Roma, 17 gen. (askanews) – Il Giappone non è più il paese dei suicidi. Il ministero della Salute nipponico ha diffuso oggi dati incoraggianti sul numero dei suicidi nel Sol levante che nel 2019, per la prima volta dal 1981, sono scesi sotto quota 20mila.
In tutto il numero registrato è di 19.959 e, se questo dato verrà confermato nel bilancio finale, si tratterà del numero più basso da quando viene effettuata la raccolta. Nel 1981 il numero delle persone la cui morte era stata ufficialmente classificata come auto-imposta era stato di 20.434.
Il dato dei suicidi in Giappone è in calo da dieci anni. Rispetto al 2018, lo scorso anno ce ne sono stati 881 in meno. Il tasso è di 15,8 su centomila. Il governo si è dato l’obiettivo di abbassarlo a 13 su centomila nel 2026.
A cavallo del passaggio di millennio, nel pieno della fase economica conosciuta in Giappone come “crisi dell’era Heisei”, ci fu un preoccupante picco dei suicidi, con il record nel 2003 di 34.427. E’ in quel periodo di stagnazione che il Sol levante prese la fama, mai scientificamente provata, di paese con più suicidi al mondo. Una situazione che portò all’approvazione di una legge anti-suicidio.

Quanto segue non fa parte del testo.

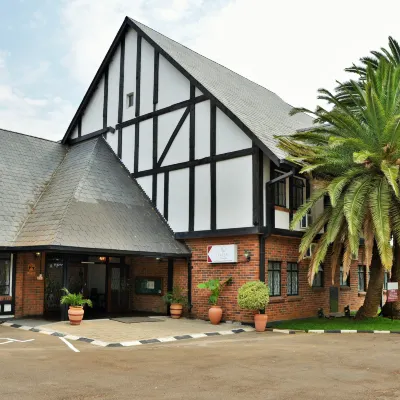 Cresta Churchill Hotel Hotels near The Hillside Dams Conservancy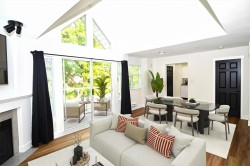 404-3638 Rae Avenue  Vancouver, BC V5R 2P5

Sebbene da tempo la curva dei suicidi sia incoraggiante, tuttavia in Giappone continua a esserci un’alta attenzione soprattutto per un dato: quello dei giovani al di sotto dei 20 anni che continua a non calare. Inoltre, tra i 15 e i 39 anni, il suicidio è la causa di morte principale ed è un caso unico tra i paesi del G7.